----- Data in this exercise -----
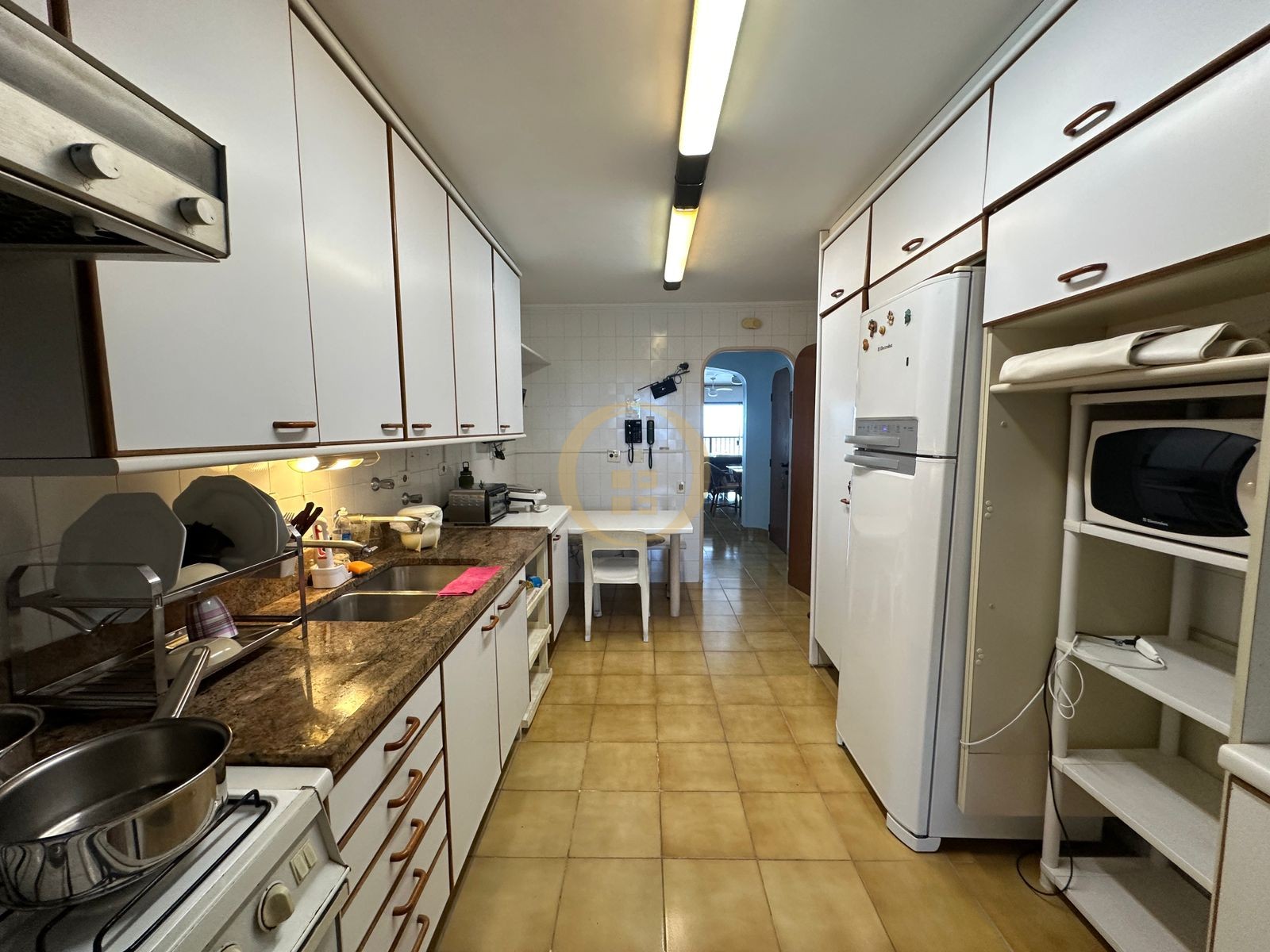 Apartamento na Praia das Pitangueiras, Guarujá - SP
-----
----- Data in this exercise -----
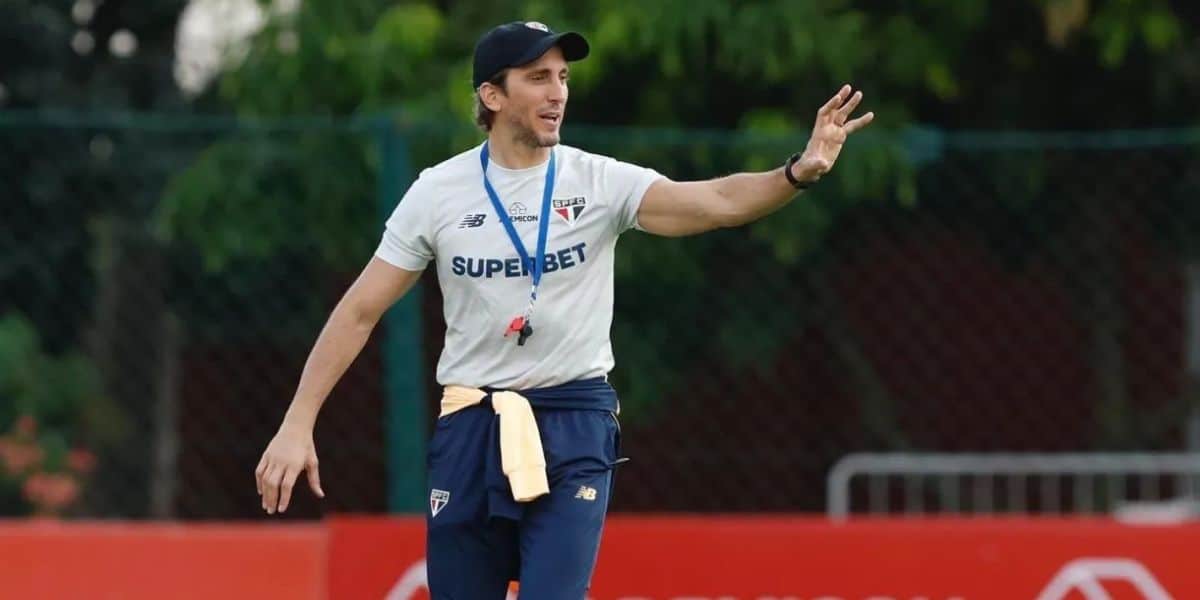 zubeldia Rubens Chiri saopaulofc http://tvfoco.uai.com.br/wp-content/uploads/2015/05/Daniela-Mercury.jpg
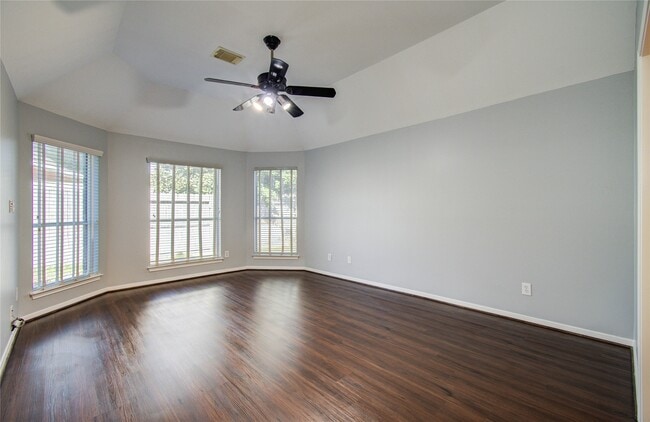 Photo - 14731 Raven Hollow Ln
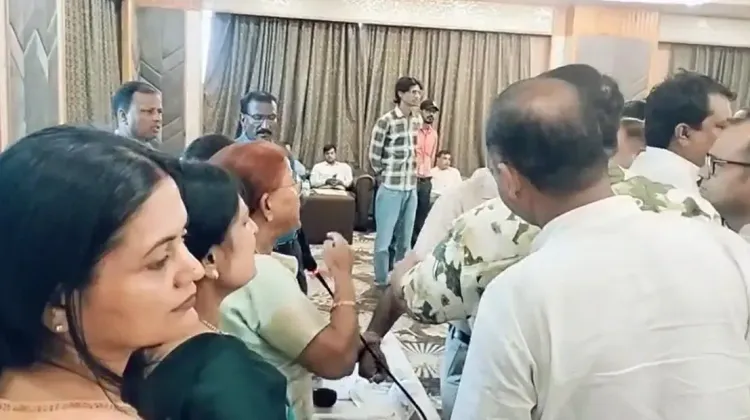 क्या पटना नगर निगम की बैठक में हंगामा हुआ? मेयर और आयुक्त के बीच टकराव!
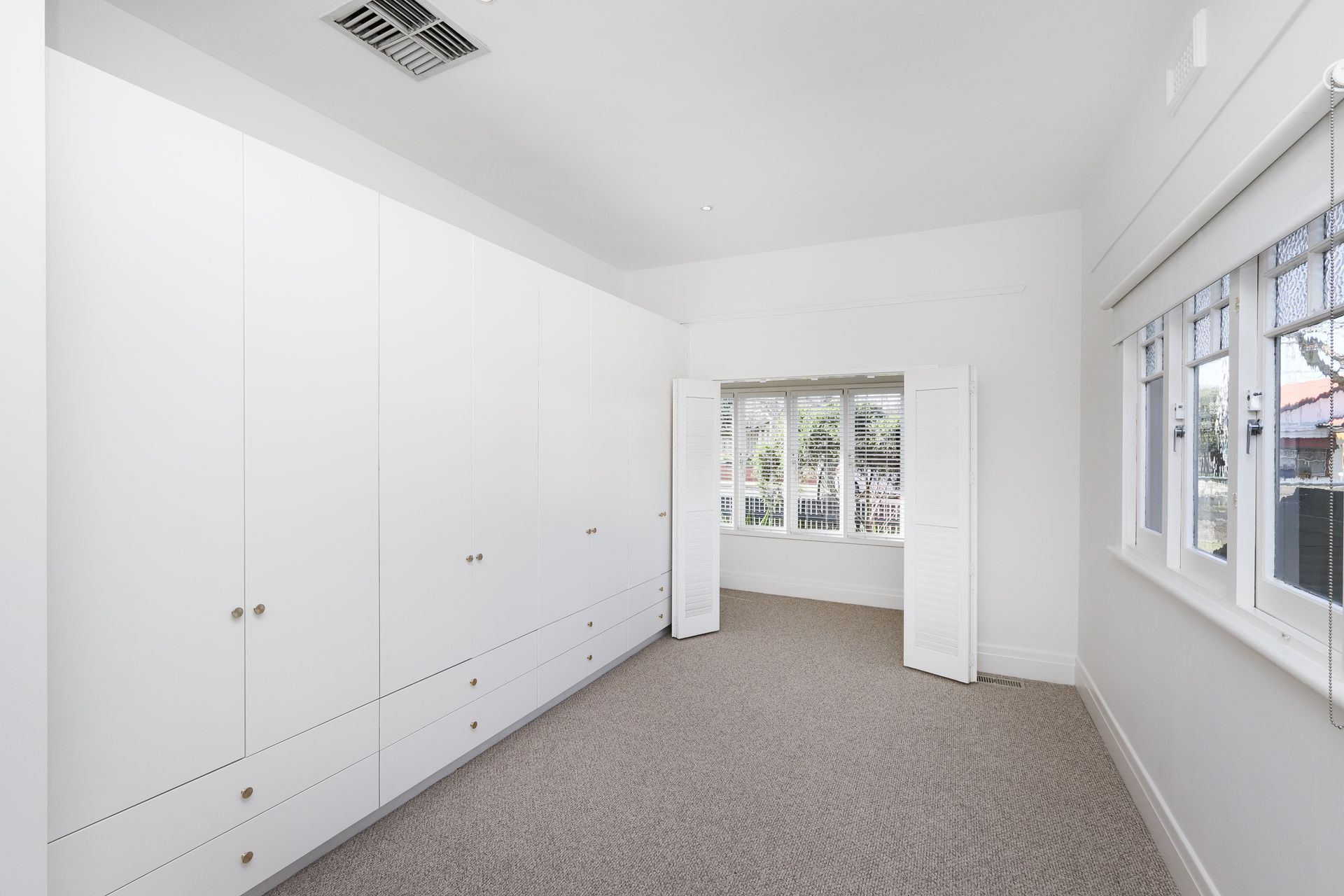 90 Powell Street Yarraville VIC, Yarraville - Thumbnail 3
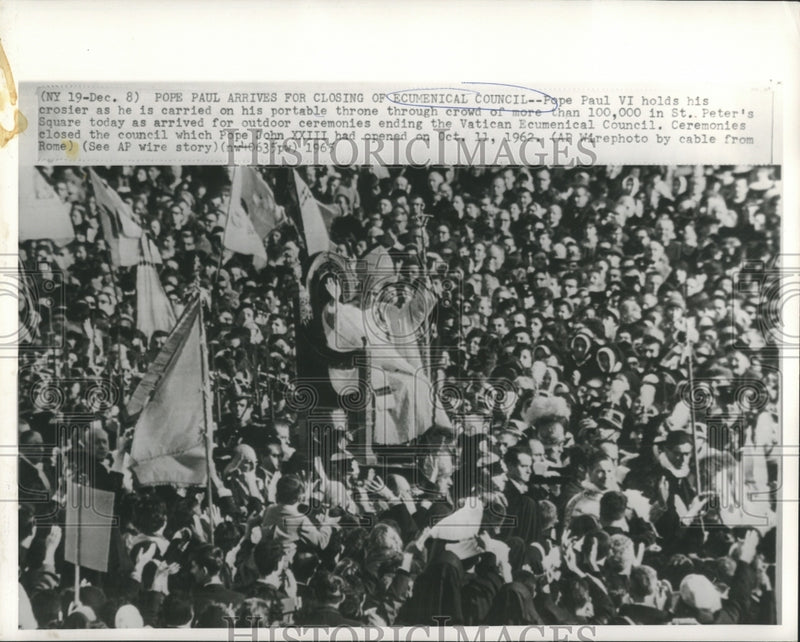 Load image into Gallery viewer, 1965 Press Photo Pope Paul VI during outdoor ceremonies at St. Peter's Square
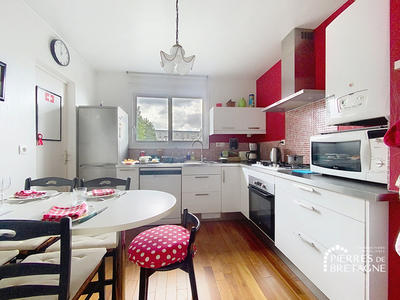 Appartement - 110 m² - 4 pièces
-----
----- Data in this exercise -----
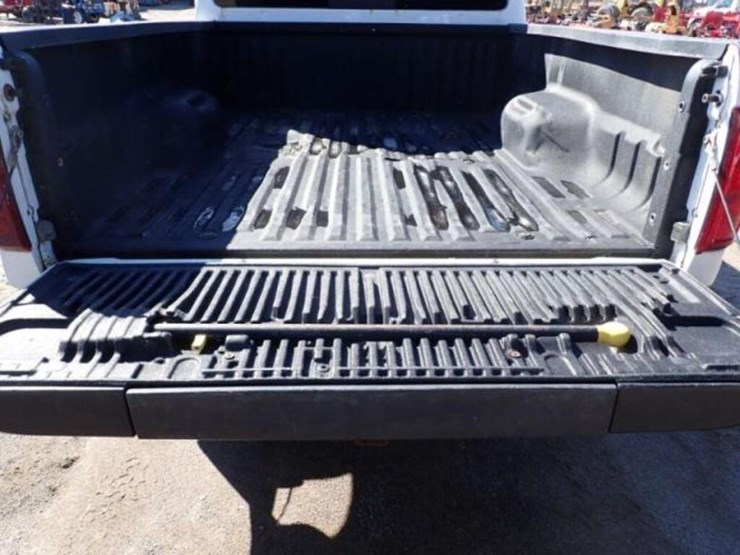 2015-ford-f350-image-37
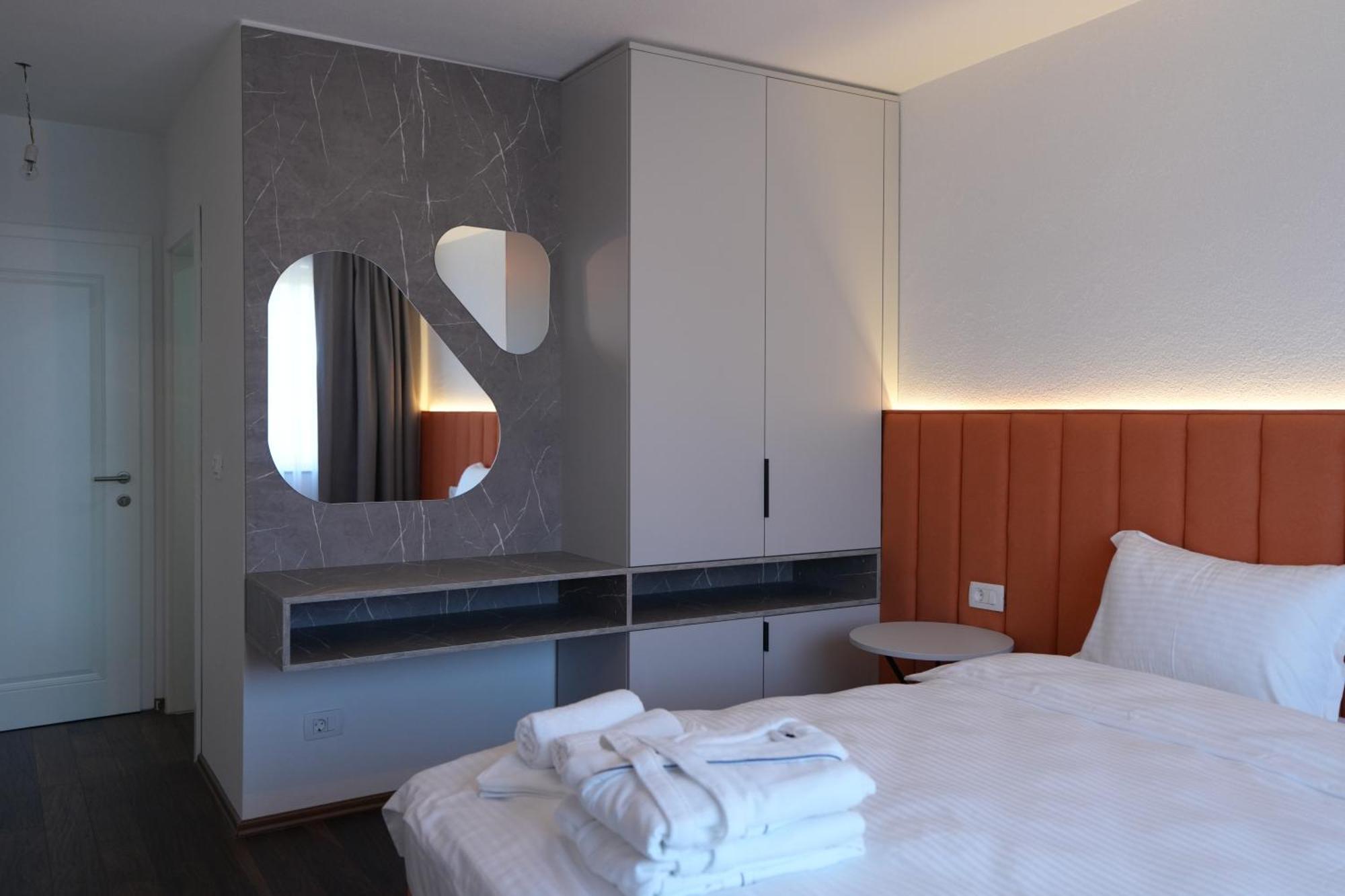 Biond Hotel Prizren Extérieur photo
-----
• [What you are asked to do] When you reach the line that has "क्या पटना नगर" in the data above, start repeating lines exactly, and stop after the line that has "Appartement - 110 m² - 4 pièces"; pictures stay out.

• [Solution to this task]
 क्या पटना नगर निगम की बैठक में हंगामा हुआ? मेयर और आयुक्त के बीच टकराव!
 90 Powell Street Yarraville VIC, Yarraville - Thumbnail 3
 Load image into Gallery viewer, 1965 Press Photo Pope Paul VI during outdoor ceremonies at St. Peter's Square
 Appartement - 110 m² - 4 pièces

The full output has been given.